Berendina Microfinance Institute (BMI) started its operations in 2007 with the provision of credit services. During the past 8 years, BMI has achieved significant growth and client coverage in terms of depth and spread of outreach. This was achieved without drifting from the original mission of poverty reduction and providing prosperous living condition for the low income segments of Sri Lanka's population. BMI targets the rural poor as its clientele and especially focuses on areas in Sri Lanka experiencing acute poverty for its operations.

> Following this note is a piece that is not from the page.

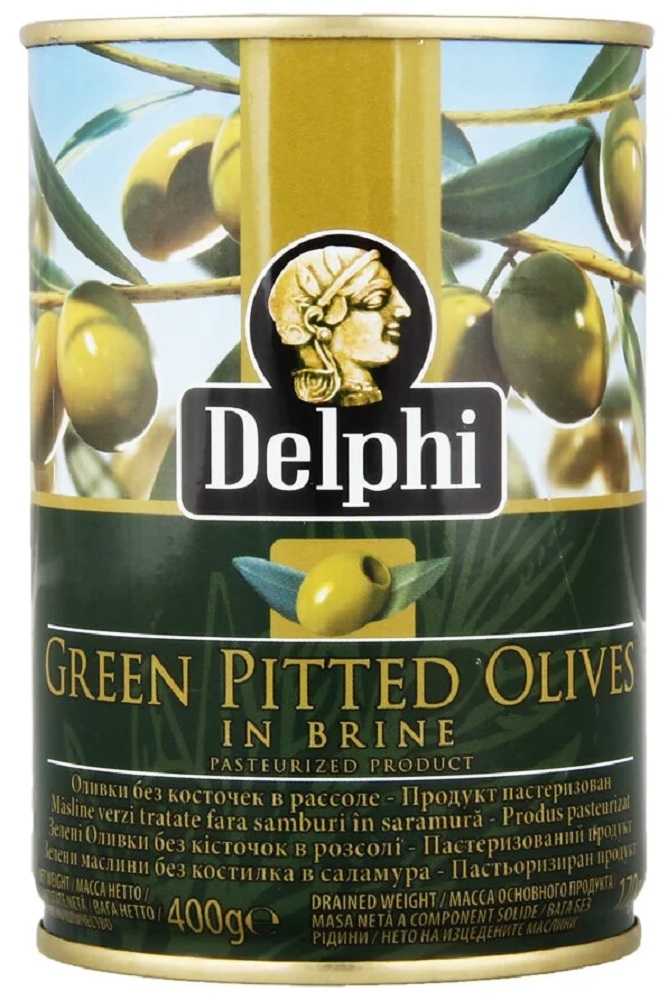 Оливки б к в рассоле Delphi  Греция  400г  Эллада  - интернет-магазин Близнецы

Currently, there are 28 branches concentrated in the Districts of Kegalle, Nuwara Eliya, Kandy, Anuradhapura, Trincomalee, Batticaloa,Ampara,Mullathivu ,Kilinochchi and Vavuniya. Further, microfinance operations are also carried out through 55 Plantation estates in Kegalle & Nuwara Eliya districts. All these branches are established according to the “Standard Branch Model” consisting of one Enterprise Development Officer (EDO), one Administrative and Accounts Officer, five Microfinance Officers (MFOs) and a Branch Manager. The service delivery mechanism of BMI is individual loans through “clusters” which is informal credit groups made up of 30-35 members.

 

Financial Services

Types of loans provided

 

Outreach and Financial Performance

As of 31st December 2016, BMI/BMIC had 4,209 clusters with 103,709 members of which 94% are active borrowers.  BMI, continuously monitors the cluster performance and attendance of the clients to cluster meetings and also invests on the cluster leader development through soft skills training. Each year the best clusters are selected based on selected criteria such as attendance, number of members, on time repayment and the cluster is awarded with a monetary reward which should be used for community development activity.

BMI/BMIC has 97,032 borrowers with an outstanding portfolio of over 2.6 Billion rupees as at 31st December 2016. These figures include borrowers in Tea Estates from branches in Kegalle and Nuwara Eliya Districts and also conflict affected households in Trincomalee District.

The Portfolio at Risk for (PAR) 1 day is 0.45%. This is calculated considering the total principal value outstanding of loans that have at least one payment even a day overdue.

The organization is operationally viable and covers all the expenses from the operational income. The operational self-sufficiency as of 31st December 2016 was at 117%.